Task objective
From the line with "Penta Nut 3852301" to the line with "Aumento en el", retype every line exactly, including those two, and leave out the rest of the data below.

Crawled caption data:
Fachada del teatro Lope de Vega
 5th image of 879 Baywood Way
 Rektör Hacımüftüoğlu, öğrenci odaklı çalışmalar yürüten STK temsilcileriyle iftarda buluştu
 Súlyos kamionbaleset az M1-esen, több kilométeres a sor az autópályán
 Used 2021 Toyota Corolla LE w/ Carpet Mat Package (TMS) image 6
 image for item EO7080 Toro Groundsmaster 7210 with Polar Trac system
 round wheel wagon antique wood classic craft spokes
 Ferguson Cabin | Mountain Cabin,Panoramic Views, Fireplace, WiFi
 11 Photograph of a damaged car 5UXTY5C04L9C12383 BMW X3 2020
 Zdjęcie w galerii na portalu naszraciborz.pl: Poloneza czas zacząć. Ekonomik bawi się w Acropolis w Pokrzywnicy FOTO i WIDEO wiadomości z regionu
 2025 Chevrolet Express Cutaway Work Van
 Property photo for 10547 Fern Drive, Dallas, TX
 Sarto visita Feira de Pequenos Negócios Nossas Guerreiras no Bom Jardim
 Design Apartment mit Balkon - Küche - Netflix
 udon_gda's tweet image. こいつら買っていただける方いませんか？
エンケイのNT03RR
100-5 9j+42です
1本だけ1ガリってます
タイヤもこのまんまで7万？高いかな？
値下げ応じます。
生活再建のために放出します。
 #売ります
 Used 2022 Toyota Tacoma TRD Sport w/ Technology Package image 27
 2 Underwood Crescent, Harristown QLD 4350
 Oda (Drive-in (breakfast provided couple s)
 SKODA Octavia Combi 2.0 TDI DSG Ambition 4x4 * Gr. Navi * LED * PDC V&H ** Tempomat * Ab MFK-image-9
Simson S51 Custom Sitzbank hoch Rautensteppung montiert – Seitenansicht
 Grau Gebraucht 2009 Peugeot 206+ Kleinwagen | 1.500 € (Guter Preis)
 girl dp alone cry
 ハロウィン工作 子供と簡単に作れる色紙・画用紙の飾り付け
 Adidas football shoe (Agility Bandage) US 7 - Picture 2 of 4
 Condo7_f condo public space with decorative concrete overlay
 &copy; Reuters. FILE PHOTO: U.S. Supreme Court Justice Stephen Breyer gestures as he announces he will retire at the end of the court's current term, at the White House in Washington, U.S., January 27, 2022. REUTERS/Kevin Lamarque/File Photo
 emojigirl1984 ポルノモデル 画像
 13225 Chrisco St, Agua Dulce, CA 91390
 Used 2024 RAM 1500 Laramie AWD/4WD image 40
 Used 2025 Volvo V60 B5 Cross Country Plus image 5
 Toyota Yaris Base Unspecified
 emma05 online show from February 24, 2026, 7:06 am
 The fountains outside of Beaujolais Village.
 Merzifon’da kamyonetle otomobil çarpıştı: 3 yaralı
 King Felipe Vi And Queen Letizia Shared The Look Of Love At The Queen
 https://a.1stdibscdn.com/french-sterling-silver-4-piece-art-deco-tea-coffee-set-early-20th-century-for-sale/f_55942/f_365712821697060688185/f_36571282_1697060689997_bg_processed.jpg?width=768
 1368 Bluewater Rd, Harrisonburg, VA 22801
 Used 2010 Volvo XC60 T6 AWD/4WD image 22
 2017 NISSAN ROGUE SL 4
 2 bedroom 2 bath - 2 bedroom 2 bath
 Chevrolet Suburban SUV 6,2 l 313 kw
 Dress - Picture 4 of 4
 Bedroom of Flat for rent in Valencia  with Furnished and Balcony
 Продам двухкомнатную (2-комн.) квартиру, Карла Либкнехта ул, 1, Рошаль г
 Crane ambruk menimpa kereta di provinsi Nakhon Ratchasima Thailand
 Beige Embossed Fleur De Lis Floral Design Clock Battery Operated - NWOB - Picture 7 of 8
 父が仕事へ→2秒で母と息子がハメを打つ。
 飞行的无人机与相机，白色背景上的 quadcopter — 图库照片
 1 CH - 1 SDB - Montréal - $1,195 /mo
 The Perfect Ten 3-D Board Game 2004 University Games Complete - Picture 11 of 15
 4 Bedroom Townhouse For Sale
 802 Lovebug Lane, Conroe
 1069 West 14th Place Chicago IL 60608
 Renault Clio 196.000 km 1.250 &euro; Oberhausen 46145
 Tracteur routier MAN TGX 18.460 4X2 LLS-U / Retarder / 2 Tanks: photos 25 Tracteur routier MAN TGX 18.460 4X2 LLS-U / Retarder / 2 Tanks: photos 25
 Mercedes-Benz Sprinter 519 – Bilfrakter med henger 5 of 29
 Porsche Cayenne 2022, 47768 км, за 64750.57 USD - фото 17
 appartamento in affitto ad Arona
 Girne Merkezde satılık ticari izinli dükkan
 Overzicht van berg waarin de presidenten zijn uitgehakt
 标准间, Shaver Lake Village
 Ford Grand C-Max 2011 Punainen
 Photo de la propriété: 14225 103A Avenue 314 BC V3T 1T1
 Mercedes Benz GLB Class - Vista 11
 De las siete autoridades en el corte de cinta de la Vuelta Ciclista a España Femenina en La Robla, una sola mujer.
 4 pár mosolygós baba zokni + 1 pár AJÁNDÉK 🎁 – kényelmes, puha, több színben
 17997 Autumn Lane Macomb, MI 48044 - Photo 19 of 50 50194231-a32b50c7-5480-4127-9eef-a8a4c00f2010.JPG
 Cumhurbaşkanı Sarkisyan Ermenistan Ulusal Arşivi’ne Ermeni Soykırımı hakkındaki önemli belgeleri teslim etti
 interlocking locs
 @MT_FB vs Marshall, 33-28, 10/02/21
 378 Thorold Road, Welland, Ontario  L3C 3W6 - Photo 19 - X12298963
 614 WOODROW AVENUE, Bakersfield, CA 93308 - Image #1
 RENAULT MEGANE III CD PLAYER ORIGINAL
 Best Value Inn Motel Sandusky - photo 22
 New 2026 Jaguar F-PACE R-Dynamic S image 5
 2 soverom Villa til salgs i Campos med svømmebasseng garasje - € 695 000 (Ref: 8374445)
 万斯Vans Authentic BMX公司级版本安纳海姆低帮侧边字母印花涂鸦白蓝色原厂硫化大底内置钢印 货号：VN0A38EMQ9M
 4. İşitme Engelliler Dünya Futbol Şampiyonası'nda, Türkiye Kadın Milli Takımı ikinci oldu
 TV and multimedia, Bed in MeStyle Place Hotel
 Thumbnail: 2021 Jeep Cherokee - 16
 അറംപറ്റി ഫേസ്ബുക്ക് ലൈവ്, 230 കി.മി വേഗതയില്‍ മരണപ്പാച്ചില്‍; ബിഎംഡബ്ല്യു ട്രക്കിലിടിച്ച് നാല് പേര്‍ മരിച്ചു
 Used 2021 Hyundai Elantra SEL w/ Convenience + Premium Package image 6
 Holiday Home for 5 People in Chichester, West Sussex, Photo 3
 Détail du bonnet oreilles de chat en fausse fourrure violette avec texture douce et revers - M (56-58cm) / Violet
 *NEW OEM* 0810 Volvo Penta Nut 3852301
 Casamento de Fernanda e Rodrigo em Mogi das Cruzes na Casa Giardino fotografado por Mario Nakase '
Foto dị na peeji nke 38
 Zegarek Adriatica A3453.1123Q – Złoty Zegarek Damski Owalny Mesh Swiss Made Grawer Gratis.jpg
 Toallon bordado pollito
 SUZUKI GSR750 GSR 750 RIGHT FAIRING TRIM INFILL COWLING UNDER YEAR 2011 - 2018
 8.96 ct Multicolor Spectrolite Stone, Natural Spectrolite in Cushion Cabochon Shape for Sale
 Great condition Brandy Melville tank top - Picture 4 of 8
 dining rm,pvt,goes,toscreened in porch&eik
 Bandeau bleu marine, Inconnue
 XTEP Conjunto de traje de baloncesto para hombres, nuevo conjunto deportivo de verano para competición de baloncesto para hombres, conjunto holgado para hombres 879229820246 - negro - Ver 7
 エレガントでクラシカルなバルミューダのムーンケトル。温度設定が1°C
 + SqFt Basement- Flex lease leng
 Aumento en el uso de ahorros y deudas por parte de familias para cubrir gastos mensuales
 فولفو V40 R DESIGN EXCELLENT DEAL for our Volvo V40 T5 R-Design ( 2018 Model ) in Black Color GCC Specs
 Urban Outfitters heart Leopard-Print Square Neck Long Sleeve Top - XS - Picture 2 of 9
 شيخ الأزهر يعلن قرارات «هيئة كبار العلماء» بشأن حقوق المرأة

Solution for this exercise
 *NEW OEM* 0810 Volvo Penta Nut 3852301
 Casamento de Fernanda e Rodrigo em Mogi das Cruzes na Casa Giardino fotografado por Mario Nakase '
Foto dị na peeji nke 38
 Zegarek Adriatica A3453.1123Q – Złoty Zegarek Damski Owalny Mesh Swiss Made Grawer Gratis.jpg
 Toallon bordado pollito
 SUZUKI GSR750 GSR 750 RIGHT FAIRING TRIM INFILL COWLING UNDER YEAR 2011 - 2018
 8.96 ct Multicolor Spectrolite Stone, Natural Spectrolite in Cushion Cabochon Shape for Sale
 Great condition Brandy Melville tank top - Picture 4 of 8
 dining rm,pvt,goes,toscreened in porch&eik
 Bandeau bleu marine, Inconnue
 XTEP Conjunto de traje de baloncesto para hombres, nuevo conjunto deportivo de verano para competición de baloncesto para hombres, conjunto holgado para hombres 879229820246 - negro - Ver 7
 エレガントでクラシカルなバルミューダのムーンケトル。温度設定が1°C
 + SqFt Basement- Flex lease leng
 Aumento en el uso de ahorros y deudas por parte de familias para cubrir gastos mensuales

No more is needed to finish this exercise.